_Assigned task_. Output, exactly as written, the lines below starting at the line containing "silk mens self" and ending at the line containing "Fall still life". Drop the pictures and keep both end lines.

_Source data_.
+===+

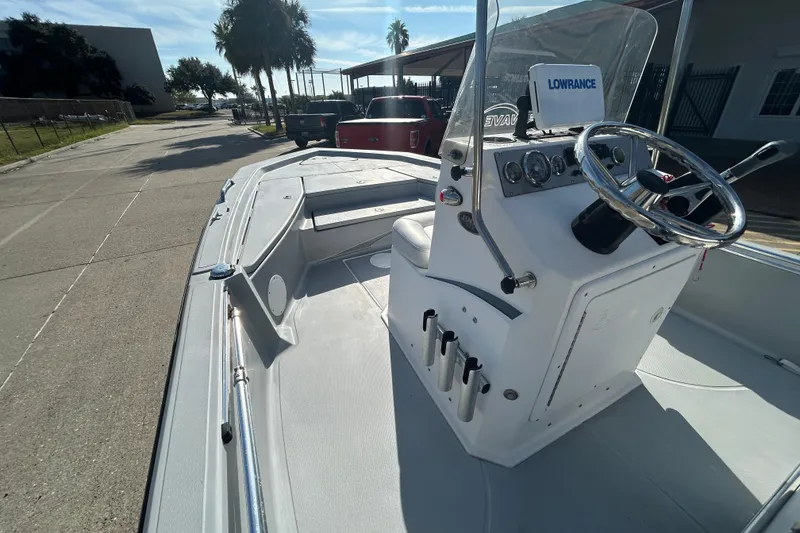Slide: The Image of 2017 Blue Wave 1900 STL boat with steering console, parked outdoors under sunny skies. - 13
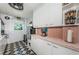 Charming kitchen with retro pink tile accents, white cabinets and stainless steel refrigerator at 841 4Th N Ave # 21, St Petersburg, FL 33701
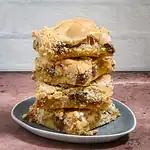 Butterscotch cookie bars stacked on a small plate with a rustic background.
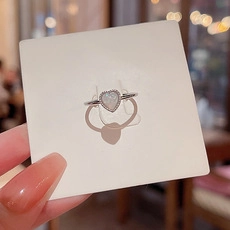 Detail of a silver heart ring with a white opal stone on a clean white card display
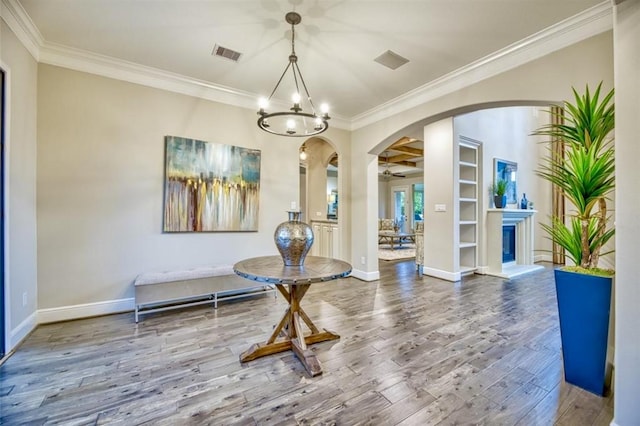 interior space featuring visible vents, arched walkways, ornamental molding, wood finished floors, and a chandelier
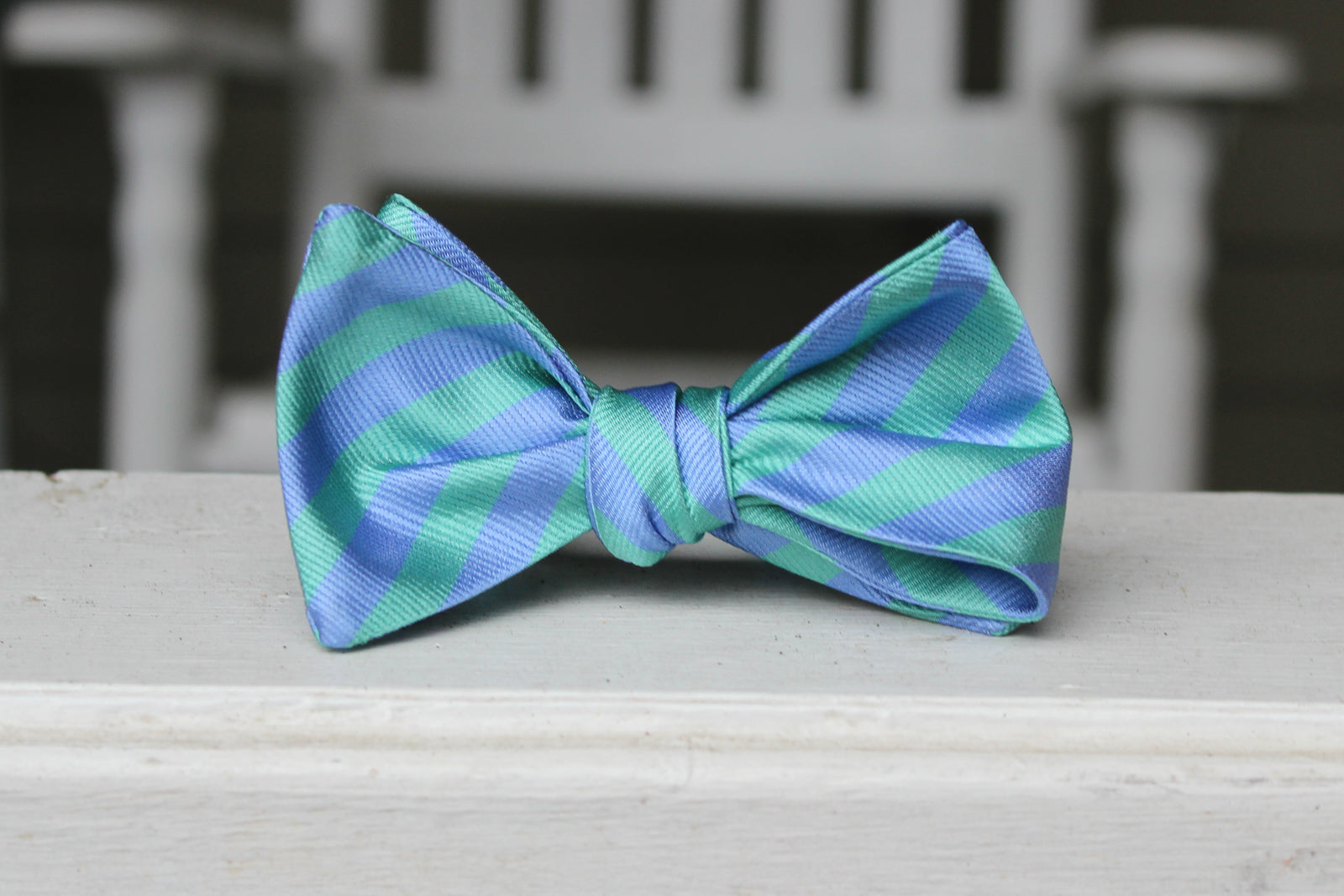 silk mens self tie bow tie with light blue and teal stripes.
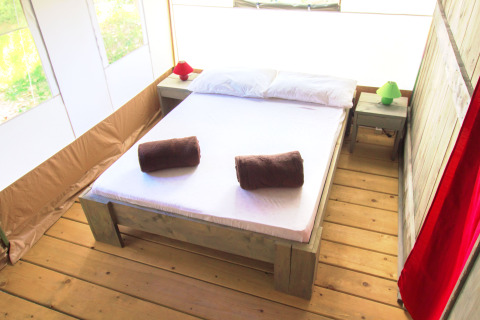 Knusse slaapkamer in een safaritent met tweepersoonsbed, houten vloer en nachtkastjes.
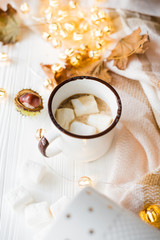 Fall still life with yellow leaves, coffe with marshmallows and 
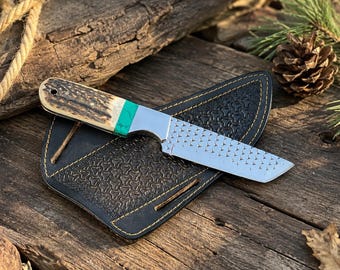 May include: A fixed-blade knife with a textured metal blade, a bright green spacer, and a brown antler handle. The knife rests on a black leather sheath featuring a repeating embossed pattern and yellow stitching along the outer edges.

+===+

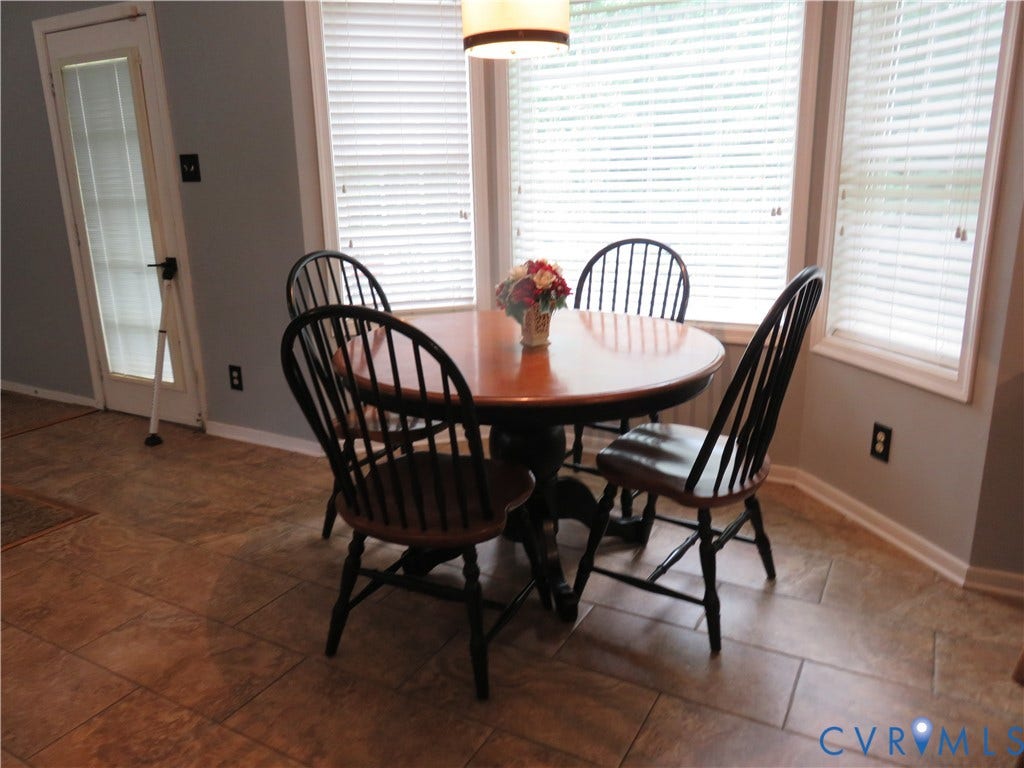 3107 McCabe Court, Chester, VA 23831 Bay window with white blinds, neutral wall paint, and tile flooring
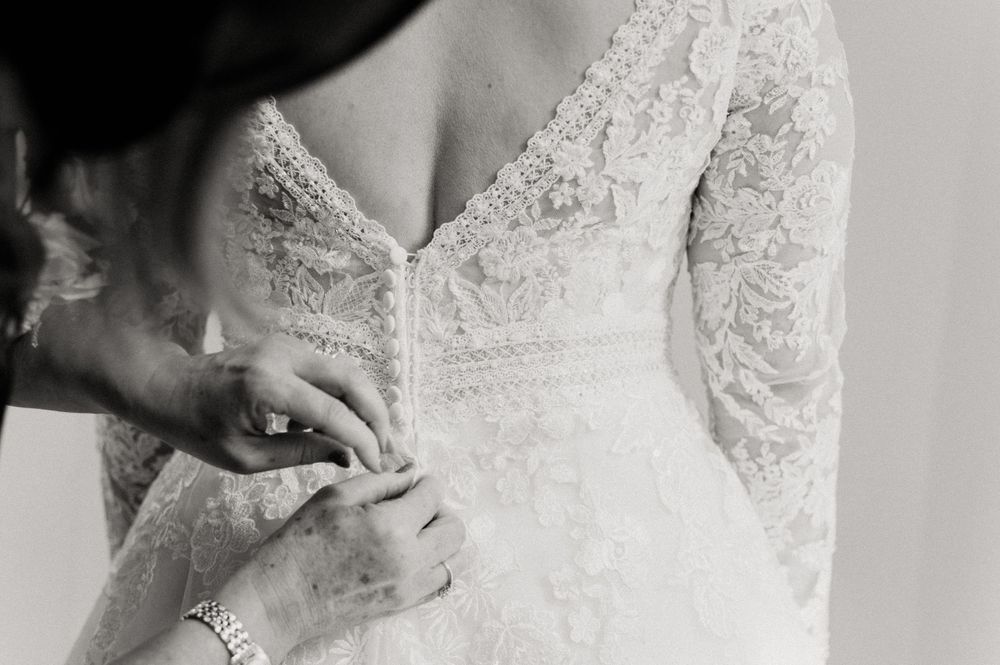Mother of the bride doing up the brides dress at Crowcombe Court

+===+

_Exercise answer_.
 silk mens self tie bow tie with light blue and teal stripes.
 Knusse slaapkamer in een safaritent met tweepersoonsbed, houten vloer en nachtkastjes.
 Fall still life with yellow leaves, coffe with marshmallows and 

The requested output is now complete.